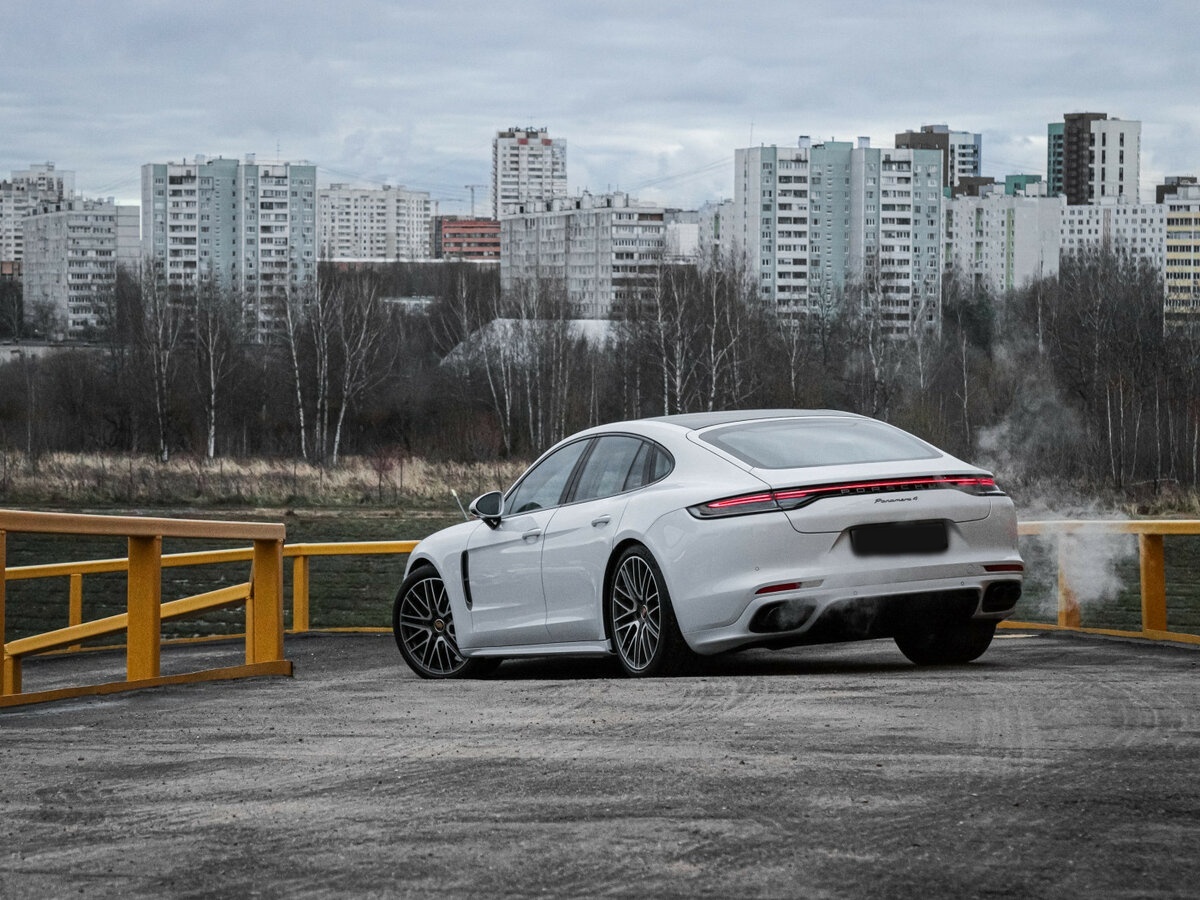 Porsche Panamera 2022 года с пробегом. Фото: #19
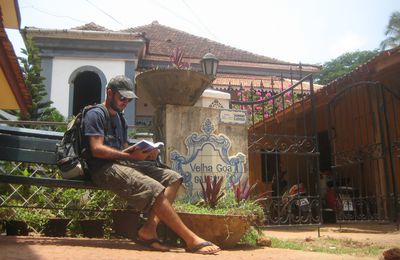 Promenade dans les ruelles colorees de Panaji, la jolie capitale de l'etat de Goa.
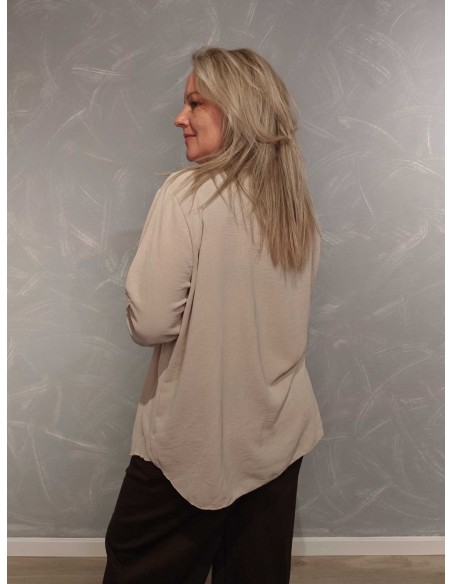 Bagside af sandfarvet lang bluse til kvinder – TIPPY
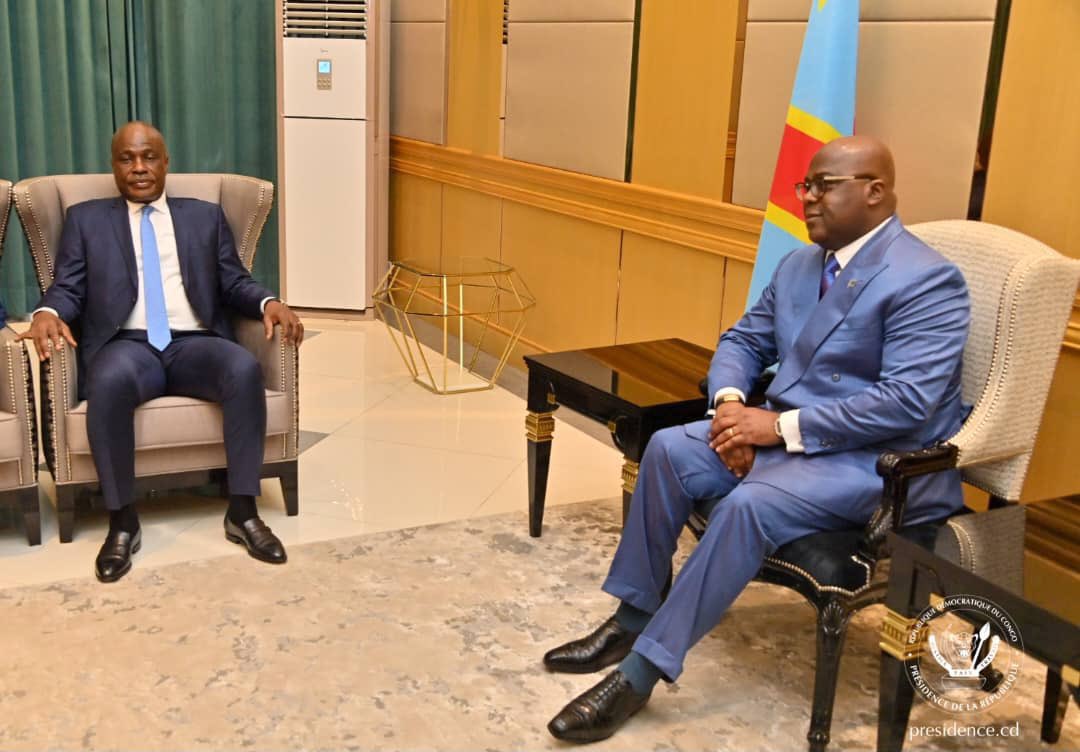 Tshihingo's tweet photo. #RDC #actu : En politique les relations se font et se défont. Les acteurs adversaires sur la scène politique mais pas des ennemis. La raison d’Etat prédomine toujours, voilà pourquoi les adversaires du hier, peuvent devenir alliés aujourd’hui. #RencontreNationale #fayulu #felix https://t.co/hCtShXneig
════════════════════
*To do:*
The whole listing above, minus its pictures, is what you should write out word for word.

*Solution to the problem:*
 Porsche Panamera 2022 года с пробегом. Фото: #19
 Promenade dans les ruelles colorees de Panaji, la jolie capitale de l'etat de Goa.
 Bagside af sandfarvet lang bluse til kvinder – TIPPY
 Tshihingo's tweet photo. #RDC #actu : En politique les relations se font et se défont. Les acteurs adversaires sur la scène politique mais pas des ennemis. La raison d’Etat prédomine toujours, voilà pourquoi les adversaires du hier, peuvent devenir alliés aujourd’hui. #RencontreNationale #fayulu #felix https://t.co/hCtShXneig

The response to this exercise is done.